So, Did Andrew Bolt Have a Point?

A bitter race debate in a US Senate campaign reflects on Australia’s own recent “White is the New Black” controversy. Ethnicity is an emerging political topography, with serious money and clout involved.

Australians generally don't like to be seen as overly aware of race. We have self-consciously asserted equality under the southern sun as a value fundamental to our multicultural society.

Our catch cry is, you're all right mate, no matter who you are, or where you come from.

And yet, as highlighted in Australia's latest census, and recently covered by The Global Mail

(http://www.theglobalmail.org/feature/gypsies-the-little-tramp-and-thieves/77/), who we say we are is important. University of Chicago anthropologists Jean and John Comaroff also made this point in a recent lecture in Sydney.

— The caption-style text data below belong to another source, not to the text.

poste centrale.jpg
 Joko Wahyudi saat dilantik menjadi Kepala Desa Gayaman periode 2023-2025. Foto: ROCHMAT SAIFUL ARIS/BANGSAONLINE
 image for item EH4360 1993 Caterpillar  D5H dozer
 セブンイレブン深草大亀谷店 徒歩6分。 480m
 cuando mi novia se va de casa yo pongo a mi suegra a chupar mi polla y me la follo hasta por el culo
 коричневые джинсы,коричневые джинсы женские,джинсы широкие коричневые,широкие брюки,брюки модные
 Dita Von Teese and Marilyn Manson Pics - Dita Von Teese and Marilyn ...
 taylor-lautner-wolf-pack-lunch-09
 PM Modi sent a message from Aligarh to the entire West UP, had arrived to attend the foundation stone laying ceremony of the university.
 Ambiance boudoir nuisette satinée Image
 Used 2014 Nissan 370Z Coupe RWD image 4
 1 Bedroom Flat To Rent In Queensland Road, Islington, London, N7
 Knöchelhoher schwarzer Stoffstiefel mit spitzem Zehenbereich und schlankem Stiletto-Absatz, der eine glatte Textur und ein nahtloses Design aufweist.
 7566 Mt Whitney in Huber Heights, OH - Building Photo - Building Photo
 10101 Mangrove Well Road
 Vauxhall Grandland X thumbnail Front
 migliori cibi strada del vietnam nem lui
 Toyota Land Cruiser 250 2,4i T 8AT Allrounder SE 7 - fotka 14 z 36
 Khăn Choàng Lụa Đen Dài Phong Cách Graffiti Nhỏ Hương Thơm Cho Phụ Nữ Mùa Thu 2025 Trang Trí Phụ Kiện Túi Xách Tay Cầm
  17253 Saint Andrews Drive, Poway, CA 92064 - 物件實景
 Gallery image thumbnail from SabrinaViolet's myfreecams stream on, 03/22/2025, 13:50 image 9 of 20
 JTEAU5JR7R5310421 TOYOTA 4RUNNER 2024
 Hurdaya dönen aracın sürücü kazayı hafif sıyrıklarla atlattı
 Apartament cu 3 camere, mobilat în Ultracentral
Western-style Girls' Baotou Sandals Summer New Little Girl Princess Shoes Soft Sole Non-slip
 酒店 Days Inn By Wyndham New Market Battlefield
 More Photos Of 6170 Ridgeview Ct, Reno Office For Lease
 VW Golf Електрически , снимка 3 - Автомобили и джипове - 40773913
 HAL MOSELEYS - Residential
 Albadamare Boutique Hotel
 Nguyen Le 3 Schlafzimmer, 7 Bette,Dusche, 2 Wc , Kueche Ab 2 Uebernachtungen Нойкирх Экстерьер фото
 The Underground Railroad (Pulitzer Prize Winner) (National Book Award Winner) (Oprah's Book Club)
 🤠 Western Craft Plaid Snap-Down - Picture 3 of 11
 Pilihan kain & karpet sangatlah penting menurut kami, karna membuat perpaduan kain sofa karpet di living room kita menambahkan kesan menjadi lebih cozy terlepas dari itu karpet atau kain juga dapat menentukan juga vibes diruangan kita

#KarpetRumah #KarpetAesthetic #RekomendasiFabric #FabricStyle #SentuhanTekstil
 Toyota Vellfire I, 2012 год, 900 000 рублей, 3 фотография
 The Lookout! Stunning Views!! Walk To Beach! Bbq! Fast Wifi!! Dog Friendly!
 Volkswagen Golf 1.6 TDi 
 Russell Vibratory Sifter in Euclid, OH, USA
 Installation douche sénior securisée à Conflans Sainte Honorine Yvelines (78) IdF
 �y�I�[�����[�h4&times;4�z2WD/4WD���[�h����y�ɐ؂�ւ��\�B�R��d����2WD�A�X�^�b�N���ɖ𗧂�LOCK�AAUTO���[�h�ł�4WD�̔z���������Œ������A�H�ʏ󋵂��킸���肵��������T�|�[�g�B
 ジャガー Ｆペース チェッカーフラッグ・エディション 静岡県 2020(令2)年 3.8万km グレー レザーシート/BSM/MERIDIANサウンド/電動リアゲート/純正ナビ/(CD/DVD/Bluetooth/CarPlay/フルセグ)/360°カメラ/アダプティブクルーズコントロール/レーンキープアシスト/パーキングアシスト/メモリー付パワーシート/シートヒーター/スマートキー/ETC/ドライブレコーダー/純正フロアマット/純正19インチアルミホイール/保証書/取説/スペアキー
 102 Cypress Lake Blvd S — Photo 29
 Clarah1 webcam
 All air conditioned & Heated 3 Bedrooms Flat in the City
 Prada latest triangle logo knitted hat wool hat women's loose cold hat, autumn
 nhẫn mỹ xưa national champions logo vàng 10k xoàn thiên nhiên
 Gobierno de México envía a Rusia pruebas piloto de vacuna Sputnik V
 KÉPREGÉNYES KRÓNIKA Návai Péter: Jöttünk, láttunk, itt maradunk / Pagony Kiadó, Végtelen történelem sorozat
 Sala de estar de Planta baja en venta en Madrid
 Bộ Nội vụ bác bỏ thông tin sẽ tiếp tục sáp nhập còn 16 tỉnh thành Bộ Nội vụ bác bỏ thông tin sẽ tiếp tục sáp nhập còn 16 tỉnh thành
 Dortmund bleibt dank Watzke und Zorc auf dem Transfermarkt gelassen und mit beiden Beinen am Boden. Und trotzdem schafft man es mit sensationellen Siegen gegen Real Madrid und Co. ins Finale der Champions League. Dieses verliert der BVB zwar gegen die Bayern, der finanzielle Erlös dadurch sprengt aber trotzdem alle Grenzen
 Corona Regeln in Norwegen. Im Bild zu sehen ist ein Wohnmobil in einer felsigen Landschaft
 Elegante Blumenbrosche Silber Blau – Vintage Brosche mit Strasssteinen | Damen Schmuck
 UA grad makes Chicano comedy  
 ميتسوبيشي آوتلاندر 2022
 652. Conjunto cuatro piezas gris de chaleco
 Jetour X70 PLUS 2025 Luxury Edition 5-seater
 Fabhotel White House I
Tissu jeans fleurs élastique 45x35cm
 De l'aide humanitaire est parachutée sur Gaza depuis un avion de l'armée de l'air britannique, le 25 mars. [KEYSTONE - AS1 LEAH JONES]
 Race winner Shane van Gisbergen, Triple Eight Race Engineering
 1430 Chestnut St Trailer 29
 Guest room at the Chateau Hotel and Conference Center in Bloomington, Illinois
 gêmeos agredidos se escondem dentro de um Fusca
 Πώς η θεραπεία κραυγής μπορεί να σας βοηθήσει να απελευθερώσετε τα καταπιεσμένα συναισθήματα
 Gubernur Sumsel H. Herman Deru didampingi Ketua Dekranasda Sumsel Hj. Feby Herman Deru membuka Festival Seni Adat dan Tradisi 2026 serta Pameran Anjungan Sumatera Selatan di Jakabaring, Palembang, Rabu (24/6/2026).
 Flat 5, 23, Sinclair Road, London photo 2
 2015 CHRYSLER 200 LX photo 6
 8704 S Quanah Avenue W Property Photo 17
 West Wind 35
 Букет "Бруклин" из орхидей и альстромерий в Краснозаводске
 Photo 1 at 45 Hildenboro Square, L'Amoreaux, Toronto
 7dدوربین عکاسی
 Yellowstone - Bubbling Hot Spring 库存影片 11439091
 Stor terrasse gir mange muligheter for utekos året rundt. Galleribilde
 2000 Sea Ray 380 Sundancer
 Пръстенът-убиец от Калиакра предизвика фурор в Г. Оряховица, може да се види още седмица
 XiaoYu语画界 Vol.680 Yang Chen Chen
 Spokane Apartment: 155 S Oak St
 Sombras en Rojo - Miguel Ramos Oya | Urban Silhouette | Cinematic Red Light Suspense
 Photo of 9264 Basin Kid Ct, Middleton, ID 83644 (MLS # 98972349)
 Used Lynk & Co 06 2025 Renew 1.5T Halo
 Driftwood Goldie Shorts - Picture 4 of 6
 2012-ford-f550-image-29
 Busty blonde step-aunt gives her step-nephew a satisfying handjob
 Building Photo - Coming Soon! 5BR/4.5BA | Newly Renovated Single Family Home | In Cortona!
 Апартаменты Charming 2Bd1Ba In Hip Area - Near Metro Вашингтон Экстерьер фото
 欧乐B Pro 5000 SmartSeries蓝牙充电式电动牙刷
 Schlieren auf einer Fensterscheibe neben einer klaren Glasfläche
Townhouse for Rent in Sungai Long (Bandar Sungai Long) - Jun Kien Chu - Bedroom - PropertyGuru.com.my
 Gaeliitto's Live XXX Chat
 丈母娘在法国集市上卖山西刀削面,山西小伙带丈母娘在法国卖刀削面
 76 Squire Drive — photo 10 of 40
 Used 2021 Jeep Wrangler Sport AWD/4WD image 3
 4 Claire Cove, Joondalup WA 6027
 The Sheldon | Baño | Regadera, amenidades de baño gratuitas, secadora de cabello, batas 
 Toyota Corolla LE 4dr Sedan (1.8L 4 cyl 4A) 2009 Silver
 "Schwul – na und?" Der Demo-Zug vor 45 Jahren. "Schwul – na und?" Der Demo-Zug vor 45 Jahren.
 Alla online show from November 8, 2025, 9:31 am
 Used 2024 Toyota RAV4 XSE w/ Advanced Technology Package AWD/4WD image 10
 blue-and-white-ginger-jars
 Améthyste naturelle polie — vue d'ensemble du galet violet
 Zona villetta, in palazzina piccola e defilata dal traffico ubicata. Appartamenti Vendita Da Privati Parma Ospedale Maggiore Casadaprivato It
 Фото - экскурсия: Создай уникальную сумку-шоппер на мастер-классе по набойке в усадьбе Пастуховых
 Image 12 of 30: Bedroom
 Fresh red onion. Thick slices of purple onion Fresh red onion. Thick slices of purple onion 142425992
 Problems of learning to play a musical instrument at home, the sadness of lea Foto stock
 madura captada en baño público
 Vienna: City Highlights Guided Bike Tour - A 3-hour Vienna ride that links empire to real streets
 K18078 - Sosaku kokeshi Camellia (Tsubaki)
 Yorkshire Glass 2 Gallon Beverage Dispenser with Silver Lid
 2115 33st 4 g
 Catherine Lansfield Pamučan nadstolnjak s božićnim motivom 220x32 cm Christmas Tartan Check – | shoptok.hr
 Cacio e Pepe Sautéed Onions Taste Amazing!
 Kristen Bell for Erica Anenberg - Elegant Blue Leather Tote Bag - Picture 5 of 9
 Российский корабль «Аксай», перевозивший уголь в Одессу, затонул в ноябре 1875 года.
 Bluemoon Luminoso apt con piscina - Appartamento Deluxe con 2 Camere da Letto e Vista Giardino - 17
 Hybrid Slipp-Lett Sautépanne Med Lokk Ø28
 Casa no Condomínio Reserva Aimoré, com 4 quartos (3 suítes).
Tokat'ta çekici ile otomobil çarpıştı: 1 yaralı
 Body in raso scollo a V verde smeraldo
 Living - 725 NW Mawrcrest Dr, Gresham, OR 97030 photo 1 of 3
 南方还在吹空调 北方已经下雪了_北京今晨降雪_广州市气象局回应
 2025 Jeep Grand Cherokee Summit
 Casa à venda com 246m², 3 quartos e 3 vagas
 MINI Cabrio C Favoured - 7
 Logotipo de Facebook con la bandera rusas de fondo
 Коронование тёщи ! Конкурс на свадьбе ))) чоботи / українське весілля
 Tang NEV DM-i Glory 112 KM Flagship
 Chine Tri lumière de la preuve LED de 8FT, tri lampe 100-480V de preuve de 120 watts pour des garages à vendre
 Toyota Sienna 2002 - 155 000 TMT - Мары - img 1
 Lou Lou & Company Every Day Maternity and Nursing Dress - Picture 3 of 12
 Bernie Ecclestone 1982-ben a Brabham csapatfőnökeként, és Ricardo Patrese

The significance we place on identity – particularly self-identification – is a notable modern trend. It accounts, in part at least, for the fact that the number of Australians who identified as indigenous on the census rose by 34 per cent over the past decade, according to the raw data; by comparison, the overall number of Australians increased by only about 15 per cent during the same period.

The Comaroffs (see video) call this kind of racial self-identification — which has increasing cachet in complex and generally liberal democratic societies — part of our search for meaning. Everybody today has roots somewhere else, and we all want to know what may have made us who we are. Most of this personal archaeology simply satisfies our own curiosity. I once encountered a friend in his kitchen with a genealogical map spread across the table, and a grin almost as wide. He had just managed to trace his family (or interpret his lineage) back to Charlemagne. But go back about 200 years and a genealogical tree begins to include ancestors in the millions. Most of Europe and America could probably claim the same ancestor.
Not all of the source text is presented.